■ Problem statement
Starting from the line that contains "Glass Cocktail Shaker, with", output every remaining line of the records below exactly as it appears, that line and the last one included.

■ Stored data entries
▬▬▬

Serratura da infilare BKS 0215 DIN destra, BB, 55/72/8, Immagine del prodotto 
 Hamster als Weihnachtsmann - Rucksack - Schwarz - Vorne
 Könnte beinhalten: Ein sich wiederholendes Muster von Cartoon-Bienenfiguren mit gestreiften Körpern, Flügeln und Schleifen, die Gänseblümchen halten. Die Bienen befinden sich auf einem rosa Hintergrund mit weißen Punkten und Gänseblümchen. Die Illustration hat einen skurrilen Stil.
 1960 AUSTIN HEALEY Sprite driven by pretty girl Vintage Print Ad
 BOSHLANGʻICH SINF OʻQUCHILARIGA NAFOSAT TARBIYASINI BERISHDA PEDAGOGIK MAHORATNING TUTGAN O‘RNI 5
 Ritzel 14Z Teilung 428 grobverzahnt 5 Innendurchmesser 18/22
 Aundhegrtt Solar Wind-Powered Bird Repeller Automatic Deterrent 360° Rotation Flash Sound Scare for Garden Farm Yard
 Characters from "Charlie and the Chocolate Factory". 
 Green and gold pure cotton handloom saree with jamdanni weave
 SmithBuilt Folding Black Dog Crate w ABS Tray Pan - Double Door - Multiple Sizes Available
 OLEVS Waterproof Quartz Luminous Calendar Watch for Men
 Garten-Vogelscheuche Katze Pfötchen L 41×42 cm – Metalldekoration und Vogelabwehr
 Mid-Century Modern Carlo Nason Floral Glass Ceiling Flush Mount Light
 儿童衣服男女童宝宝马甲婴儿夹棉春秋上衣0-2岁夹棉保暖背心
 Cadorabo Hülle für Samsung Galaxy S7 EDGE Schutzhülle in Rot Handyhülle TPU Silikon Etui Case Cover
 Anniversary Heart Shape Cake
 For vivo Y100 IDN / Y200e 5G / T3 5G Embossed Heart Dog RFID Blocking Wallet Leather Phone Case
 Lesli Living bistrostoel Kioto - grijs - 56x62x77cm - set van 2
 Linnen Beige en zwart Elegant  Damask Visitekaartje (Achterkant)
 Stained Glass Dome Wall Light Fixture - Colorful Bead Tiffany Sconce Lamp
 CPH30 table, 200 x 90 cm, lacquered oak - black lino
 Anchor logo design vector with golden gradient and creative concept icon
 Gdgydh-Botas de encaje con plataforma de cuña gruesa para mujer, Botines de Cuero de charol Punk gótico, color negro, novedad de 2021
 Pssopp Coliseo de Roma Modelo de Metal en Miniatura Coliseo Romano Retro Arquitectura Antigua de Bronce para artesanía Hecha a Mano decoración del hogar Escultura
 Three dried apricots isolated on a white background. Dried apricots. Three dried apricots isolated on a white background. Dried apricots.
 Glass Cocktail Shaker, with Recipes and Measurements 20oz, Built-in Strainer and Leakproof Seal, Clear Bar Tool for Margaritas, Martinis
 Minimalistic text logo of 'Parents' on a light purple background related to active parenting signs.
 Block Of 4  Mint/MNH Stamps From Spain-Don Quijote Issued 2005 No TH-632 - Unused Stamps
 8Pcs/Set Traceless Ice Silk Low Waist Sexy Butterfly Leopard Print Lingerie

▬▬▬

■ Written answer
 Glass Cocktail Shaker, with Recipes and Measurements 20oz, Built-in Strainer and Leakproof Seal, Clear Bar Tool for Margaritas, Martinis
 Minimalistic text logo of 'Parents' on a light purple background related to active parenting signs.
 Block Of 4  Mint/MNH Stamps From Spain-Don Quijote Issued 2005 No TH-632 - Unused Stamps
 8Pcs/Set Traceless Ice Silk Low Waist Sexy Butterfly Leopard Print Lingerie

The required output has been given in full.